# Football Competition.



## Roy (Feb 23, 2003)

The prize is a new nylon Nato strap of your choice.

What you have to do is guess the correct final score of tonights Chelsea v. Man Utd game and who will score the first goal. If it's nil nil then it's void.

All guesses have to be different and only one guess per member and none allowed after kickoff.


----------



## hippo (Jun 27, 2006)

Roy said:


> The prize is a new nylon Nato strap of your choice.
> 
> What you have to do is guess the correct final score of tonights Chelsea v. Man Utd game and who will score the first goal. If it's nil nil then it's void.
> 
> All guesses have to be different and only one guess per member and none allowed after kickoff.


I think 2-1 to United


----------



## Robert (Jul 26, 2006)

Mmm... I know nothing about football but I have to say 2-0 to Chelsea and Drogba to score first.


----------



## Roy (Feb 23, 2003)

hippo said:


> Roy said:
> 
> 
> > The prize is a new nylon Nato strap of your choice.
> ...


Need a first goal scorer Hippo,


----------



## Roy (Feb 23, 2003)

Kick off is at 8pm


----------



## pg tips (May 16, 2003)

I'll need to see a team sheet 1st, rumour has it they'll both be putting the reserves out


----------



## Russ (Feb 7, 2006)

1-0 to Chelsea with SWP popping it in.


----------



## MarkF (Jul 5, 2003)

3-1 Chelsea - Cole


----------



## rhaythorne (Jan 12, 2004)

Mourinho to beat Fergie by two falls and a submission.


----------



## unlcky alf (Nov 19, 2006)

I know nothing about football so just guessing here:

4 - 2 United (Charlton to score first)


----------



## Sparky (Nov 2, 2005)

My guess is 2-0 United with Alan Smith scoring first!!

Cheers

Mark


----------



## oldfogey (Nov 29, 2005)

One-all, Saha.


----------



## pg tips (May 16, 2003)

I'm gonna go 0-1 Utd winning scorer Dong on his debut (never heard of him but 5 live have just said he's starting so what the heck







)


----------



## Alas (Jun 18, 2006)

1-1 Lampard to score first.


----------



## strange_too (Feb 19, 2007)

Result: 2-1 to Man Utd

Scorer: J Terry


----------



## Who. Me? (Jan 12, 2007)

Chelsea: Cudicini, Diarra, Ferreira, Terry, Bridge, Makelele, Wright-Phillips, Essien, Mikel, Kalou, Sinclair.
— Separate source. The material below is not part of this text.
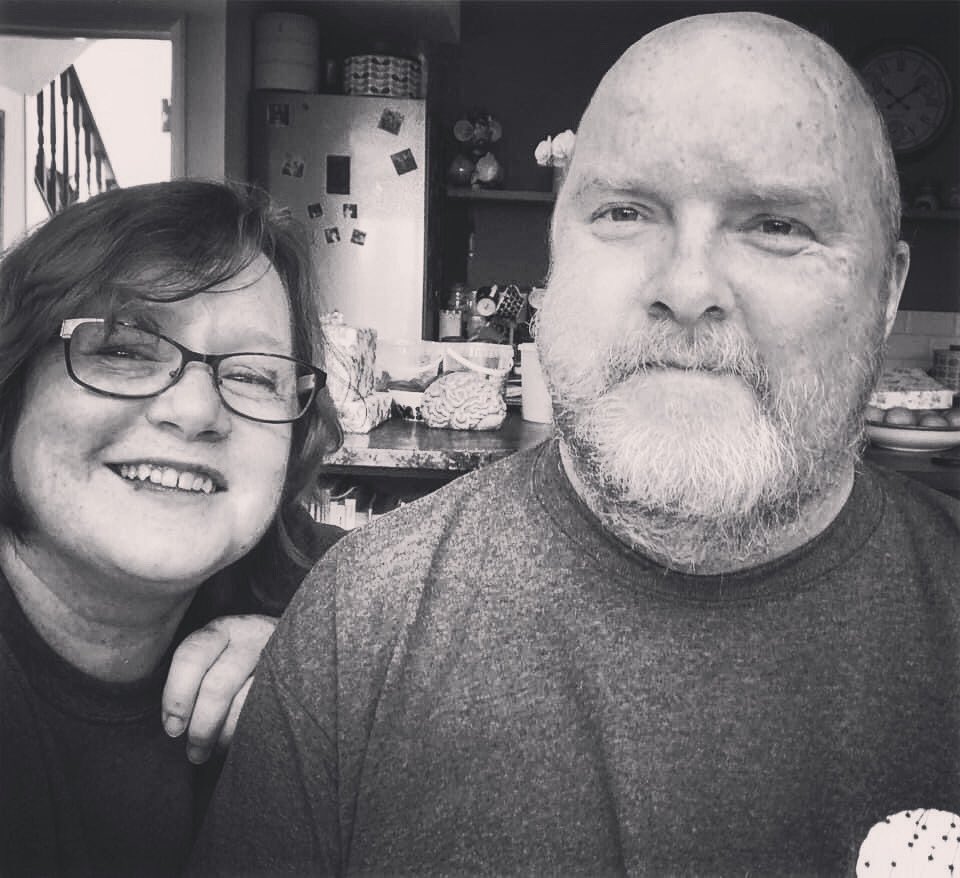 Last year on 1st October Mark and I wore grey for @brainstrustuk - this year I am wearing grey again, remembering my fabulous husband and hoping and praying that a cure for brain cancer can be found SOON. #weargreyforbraincancer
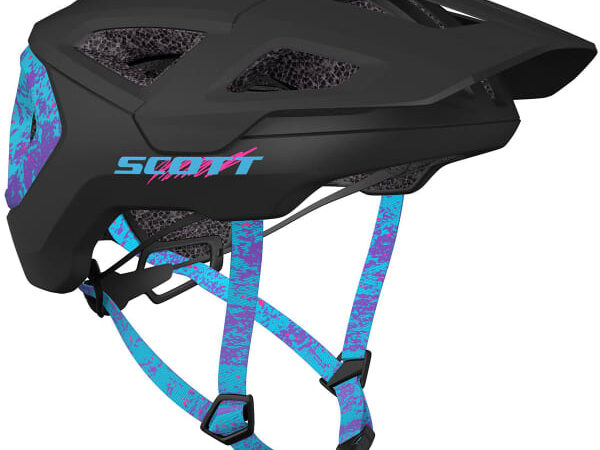 Casque de vélo SCOTT Tago Plus Noir / Bleu / Violet 55/59 2025 pour trail et tout-terrain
Subs: Hilario, Joe Cole, Geremi, Morais, Sahar.

Man Utd: Kuszczak, Lee, Brown, O'Shea, Heinze, Eagles, Smith, Fletcher, Richardson, Solskjaer, Dong.

Subs: Van der Sar, Ferdinand, Rooney, Carrick, Scholes.

Referee: G Poll (Hertfordshire)

2-1 to Chelski, Essien to score first (who knows? they've both dragged their reserves out)


----------



## pg tips (May 16, 2003)

Well Dong was a right ding donger wasn't he, did he even get a kick?


----------



## PhilM (Nov 5, 2004)

0 - 0 Roy









What do I win


----------



## Robert (Jul 26, 2006)

Is it a rollover to Sundays match?


----------



## Roy (Feb 23, 2003)

Lets roll it over to the FA Cup final.


----------



## pg tips (May 16, 2003)

Roy said:


> Lets roll it over to the FA Cup final.


Are we on then???

If so Utd to win 2 - 0 Rinaldo to score 1st.


----------



## pugster (Nov 22, 2004)

chelsea ,2-1 ,lampard


----------



## Sparky (Nov 2, 2005)

My go:

Chelsea win 2-0, John Terry score first

Cheers

Mark


----------



## mach 0.0013137 (Jan 10, 2005)

Accrington Stanley 8-0, Francois Dubourdeau


----------



## pg tips (May 16, 2003)

Are we gonna roll this over to tonights "champions" league final?


----------



## pg tips (May 16, 2003)

No one gives a







about the scousers then?

They lost


----------



## Robert (Jul 26, 2006)

pg tips said:


> No one gives a
> 
> 
> 
> ...


I work with many and live with one.

Gone very quiet in this house....


----------



## oldfogey (Nov 29, 2005)

England had three out of four teams in the semi-finals, and the one non-English team won.

What does this say about our football quality or tactics?

I have to say Man U looked England's best team this year, but Milan put in an amazingly good performance against them to get to the final. Last night, it seemed more luck, and if anything Liverpool were the better team.


----------



## strange_too (Feb 19, 2007)

Milan where lucky.

Liverpool had the better play, just didn't finish well, unfortunately..................


----------